Of course, working on the series wasn’t all about crafting new audio, the series also had an obligation to fit into the sonic profiles of the previous films. “The goal, when you’re talking sound design with Episode VII, is to make it sit acoustically, with IV, V, and VI,” Acord told the Daily Dot. “We wanted to honor the legacy sound effects that Ben Burtt created for the original movies but give them an updated 21st-century patina. That’s the challenge and the goal: to not only use Ben’s sound effects but give them an updated feel.” Lots of the voices for different intergalactic characters needed to be pitched, up, down and generally changed, making room for Wood and Acord to play around with the actual voice recordings they used as a starting place. “There’s some great voice stuff,” Wood continued. “I think Matt Wood just posted a thing called ‘the vocal map’,” a collection of all the voices used to fill out the audio of the film.

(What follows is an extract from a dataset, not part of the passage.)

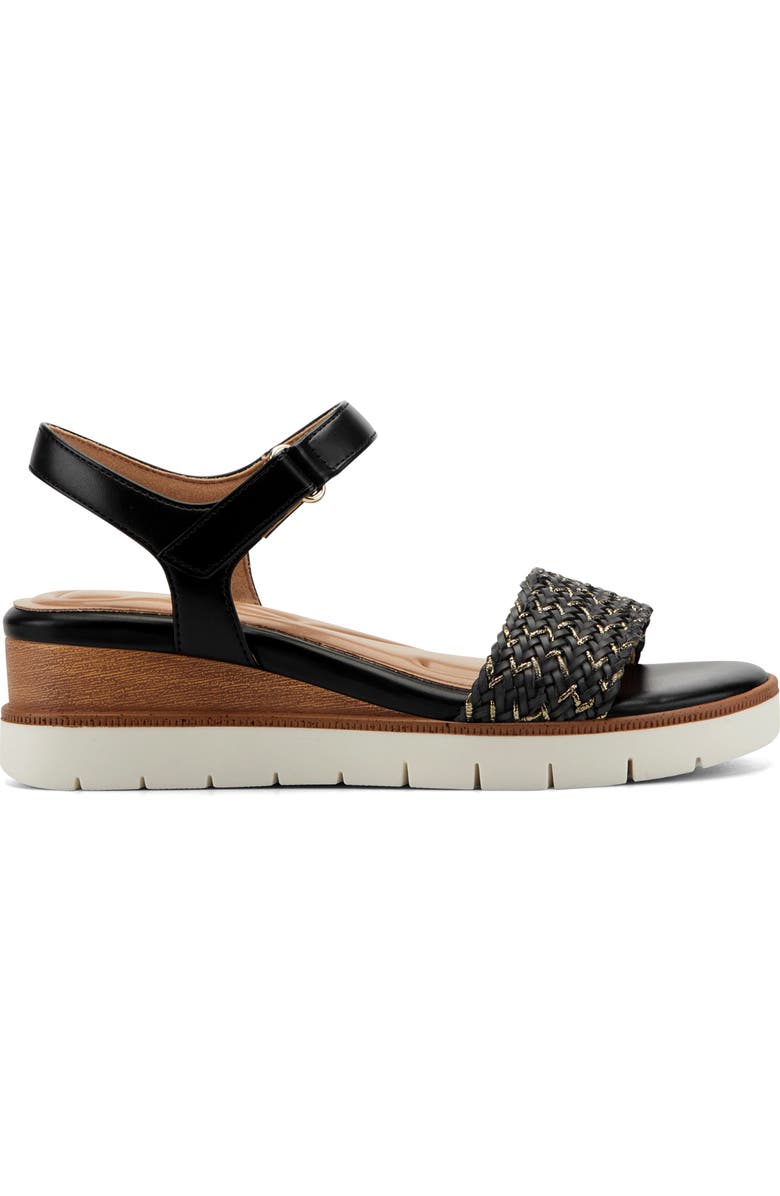 Easy Spirit Edythe Wedge Sandal, Alternate, color, Black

Chances of Winning: Incredibly strong. Star Wars’ comeback was strong both critically and for the public, and the franchise has a history of wins in both categories.

Though the often stripped-down Sicario isn’t the most heavily sound designed film of the bunch, Alan Robert Murray’s subtle editing work on the Villeneuve’s intense thriller worked carefully to layer nearly imperceptible audio elements, resulting in maximum tension. “The way the sound played out on Sicario was we started with a very quiet, unthreatening atmosphere and then slowly moved through scenes feeding different textures via subliminal low-end bass or sound design tones to make the viewer feel that something isn’t right,” Murray told Below the Line News. “Then as the anxiety builds, it suddenly stops to give the audience a second to recover. Then it all hits you over the head with the crescendo of the scene.” The visionary French director offered plenty of guidance to create the most impactful audio experience. “With Denis, there’s a purpose for everything. You’re not just making a muddy track and I find that exceptional. It’s exciting to see a director come into a project so well thought out and have every element in the film mean something and the end result be so seamless.”

Chances of winning: Unfortunately, Sicario’s sound editing is so subtle, it may not be flashy enough to take home any statues. But, like Ex Machina’s visual effects nomination in the face of other giants, it’s impressive that Sicario even be considered amongst these other prestigious titles.